Por Pedro Valinho Gomes* 

 

Este verão, durante alguns dias, as redes sociais animaram-se com debates virtualmente sangrentos sobre a pertinência e a legitimidade de a missa dominical ter lugar na televisão pública. Chego já demasiado tarde a este debate (é sabido que o prazo de validade de uma opinião sobre um qualquer tema debatido em praça pública é hoje de pouco mais de uma semana, se formos generosos) e chego com o pérfido perfil de um moderado (que não tem lugar em debates da praça pública onde tudo é, como é também sabido, preto ou branco). Há muito tempo que uma missa não dava tanto que falar. Devíamos corar de vergonha, nós os cristãos, por termos cultos tão pouco provocadores que é preciso ser ainda o Paulo de Tarso a vir inquietar as águas paradas a que nos habituámos nas nossas liturgias. Uma rápida passagem pelas redes sociais ditas cristãs é o suficiente para percebermos o quanto o nosso ativismo virtual se resume tantas vezes a uma versão cristianizada de literatura de autoajuda, a um voyeurismo dos dizeres papais e sobretudo ao debate de uma espécie de geopolitik eclesial baseada na crítica feroz e mordaz dos “desertores” no interior da igreja e dos que de fora a criticam, como se o essencial em igreja se resumisse a uma tomada de posição entre conservadores e liberais, entre os de cá e os de lá, os puros e os impuros.
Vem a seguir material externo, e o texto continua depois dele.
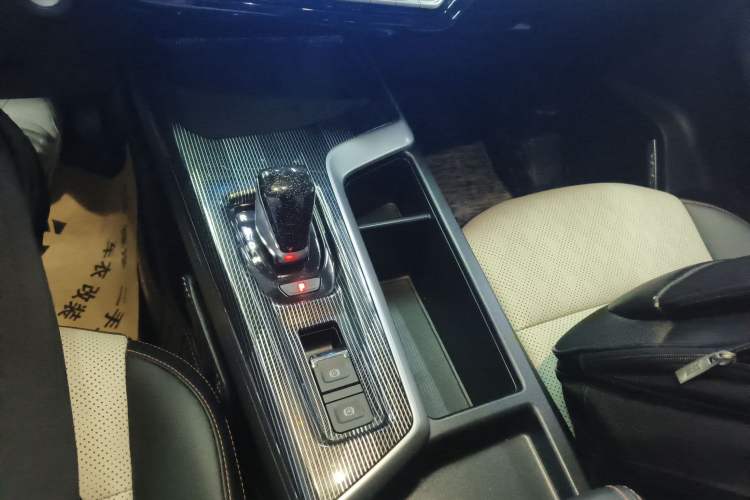 Used Haval LHERY 2021 GT Edition 1.5T Platinum Rabbit Gear Lever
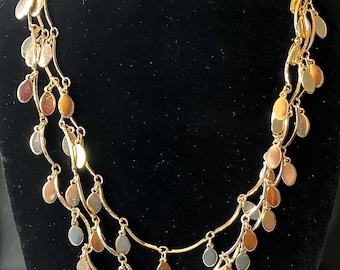 Złoty, warstwowy naszyjnik z wiszącą zawieszką, wielorzędowy naszyjnik z zawieszką w kształcie dysku, biżuteria w stylu boho, regulowany łańcuszek, styl vintage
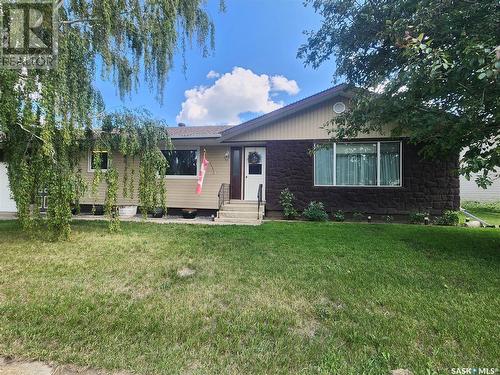 308 Keeler Street, Pangman, SK - Outdoor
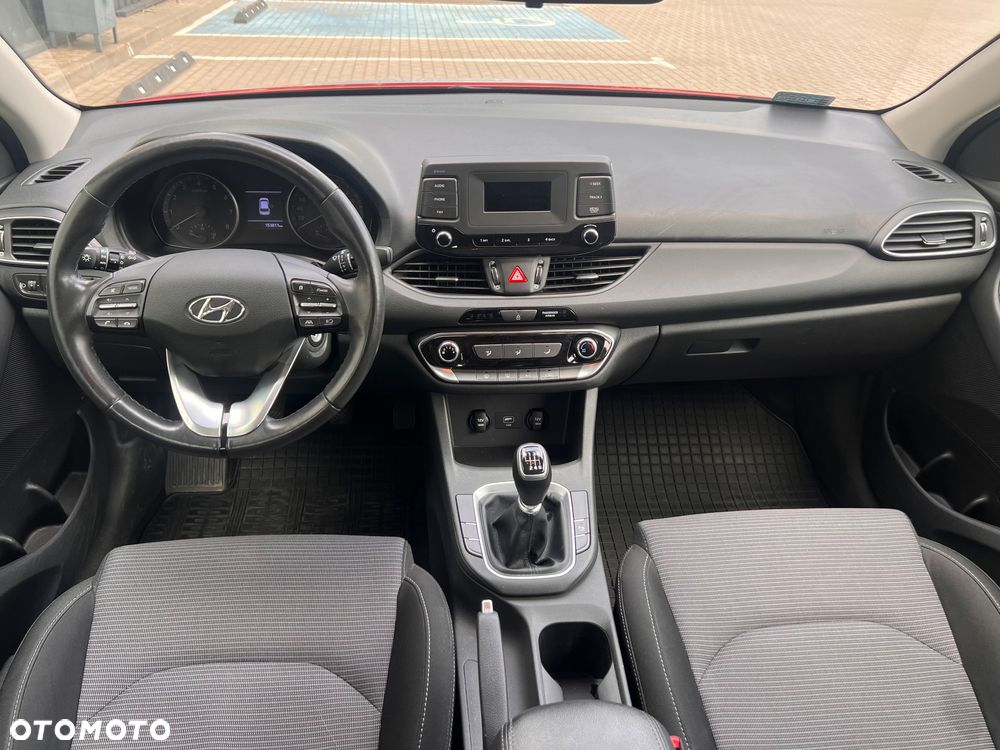 Hyundai i30 1.5 DPI Comfort - 9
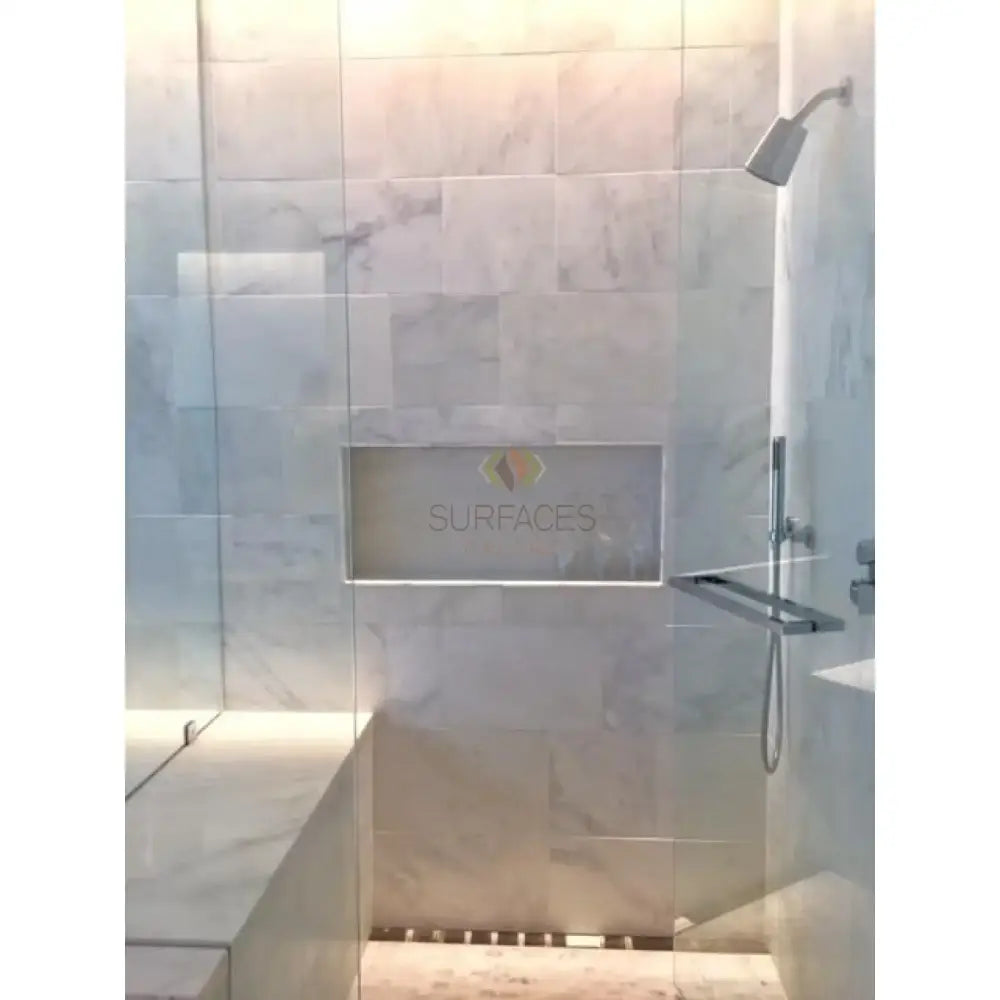 Modern marble shower with Checkerboard Bardiglio Prime and Aurora White Asian Statuary marble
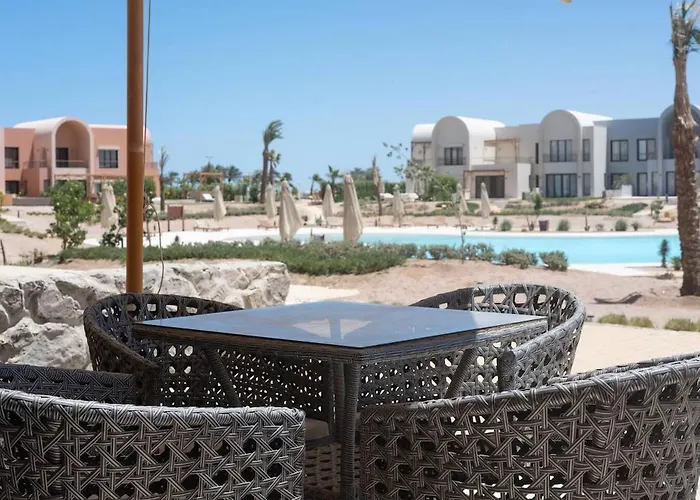Apartment Ground Floor One Bedroom In Kamaran *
Eu, que não me situo em caixas, nem mesmo nas sacrossantas de conservador ou de liberal (porque, sim, há vida fora dessas caixas; Hegel não acertou em tudo!), chego tarde a este debate e a pensar que continuamos a insistir no que interessa pouco.

É óbvio que há extremismos nesta cultura do cancelamento, a cancel culture que preside aos ares de mudança na nossa sociedade ocidental. É certo que se trata de uma visão algo adolescente do mundo. Digo adolescente porque é próprio da adolescência querer ver tudo a preto ou branco, com um sentido de justiça tão rígido que não chega a perceber que o rótulo de “bom” ou de “mau” não diz toda a realidade. Mas creio ser também claro que não podemos viver hoje como se este momento cultural não existisse. Responder à cancel culture com uma espécie de cancelamento da sensibilidade atual, além de ser uma espécie de cegueira autoinduzida, significa responder à letra: somos igualmente adolescentes se o que pretendemos é ser donos da verdade e da justiça sem compreendermos que o Espírito sopra onde quer.

O debate deste verão parece-me um bom exemplo disto mesmo. É claro que hermenêuticas descontextualizadas e anacrónicas de Paulo não fazem justiça à palavra do Apóstolo (a acusação de misoginia é, além de descontextualizada e anacrónica, de uma grande injustiça). Mas é também claro que negar que há um problema com a visão e o papel da mulher na igreja é como tentar varrer para debaixo do tapete o elefante na sala. E, na verdade, há debates que nos são dados como dons do Espírito.

Se falo deste debate a que chego atrasado é porque começa estes dias um caminho sinodal proposto pelo Papa Francisco a toda a igreja. Será articulado em três fases – diocesana, continental e universal – e passará por um momento de consultas e de discernimento antes de culminar com uma assembleia em Roma, em outubro de 2023. Oxalá seja possível debater e discernir sem caixas. Oxalá seja possível escapar a discursos crispados de autodefesa e autojustificação. Oxalá seja momento de cada pessoa que é igreja sentir a igreja na primeira pessoa e de se responsabilizar também pelo discernimento do que o Espírito vai soprando aos crentes. Oxalá tenhamos ouvidos para ouvir a voz que sopra no banco escondido do fundo da igreja e até aquela que está fora da igreja. Oxalá seja oportunidade de falar dos elefantes no meio da sala sem receios e de debater sem a pressão de prazos de validade. Oxalá seja ocasião de maturidade e não de adolescência.

 

 

* Pedro Valinho Gomes é investigador e docente nas áreas da Teologia e da Filosofia.